I so appreciate that you've kept writing when so many others have disappeared; I have real love and admiration for those bloggers, like you, who still feel connected to that old community and want to maintain those ties.

I'm a terrible correspondent IRL and on the computer, but I do still think of you and send love to you in the UK.

xo

elizabeth

I'm still reading, Thalia! I don't comment often (not that I was really terribly good about it, ever), can't even seem time to post to my own neglected blog... but still here!

Ms. C

Here and reading, even if not that often. I constantly think about you and the gals who I read while I was eyeballs-deep in treatments.

geohde

Here! Just sucky at commenting...

g

Erin

I'm still reading, just lousy about checking Bloglines (as is evidenced by the fact that I'm just now getting on for the first time in almost a week). But am very glad to keep up with you on FB!

Cecily

Ack! I'm still reading. My feed reader is so chock full I don't get much time to comment these days, but trust me, I still read. :)

Nikole

Still here, reading along. :-)

MsPrufrock

I cannot tell you the last time I read blogs, let alone commented. I'd love to echo what some of the others have written and say that I'm always reading, but I'm not reading anything, at least not with any regularity.

I'll admit to bypassing hundreds of feeds when my unread posts get to a certain point, but I *never* do that with the old guard and those of you I've been fortunate enough to meet in person. It may take me a couple of months to get around to reading, but I do eventually. Commenting, another issue entirely. Small steps.

I confess to liking the immediacy of FB, but even with that it can't replace the depth of blogging. I'll be here reading (again, eventually) for as long as you keep writing.

Liana

Guilty as charged. I despair of ever being able to keep up with all my friends from the infertility days now that my blog has become this amalgam of humor, travel, feminism, photography and whatever the heck else I manage to find the time for (which ain't much!) I'm just so out of it, needing more hours in the day than I am blessed with.

I've loved that you've stopped by to comment on my photo posts!
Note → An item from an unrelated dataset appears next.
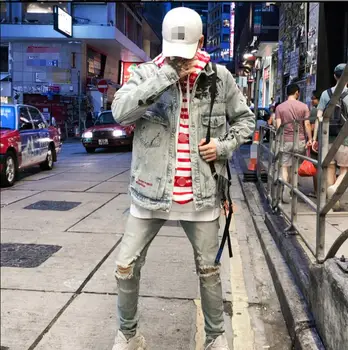 Ķīnas hip - hop džinsa vīriešiem un sievietēm apšļākt tintes grafiti uz lupatu samazināt līdz vecās jakas zaudēt skaists jaka.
I could talk photography into the next millennium. I miss the closeness we all had when the world was a little smaller...but, I'm also enjoying this incredible adventure that is currently occurring, even if I have so little time to visit and comment like I used to.

So this is my long-winded way of saying, you are always in my thoughts even if I'm not around like I'd like to be to comment on the regular.

country chick

OK - computer ate my comments TWICE.
But I am still here - that will have to suffice.
Hope you're feeling validated now - I think I am commenter #89!

Tinker

I'm still here. Not reading as frequently as before (though that's not because of anything on your end by any stretch), but still checking in.

korechronicles

Erratically reading and lurking more than commenting. It's not you, it's me! Seriously broken computer and total lack of motivation to fix it.

Stephanie

I'm here - funny, I found you again through Beagle - you must have fallen off my bloglines. Well I'm putting you back.

Starfish (formerly from hell and high water)

lucky#2

Just checked in (I rarely have time for blogger anymore). I agree that Facebook has been a downfall of this too

Linda

Hi Thalia,

I sneak over for a read now and then still. I'm still doing the IVF thing, in my last year of trying but I haven't given up hope yet!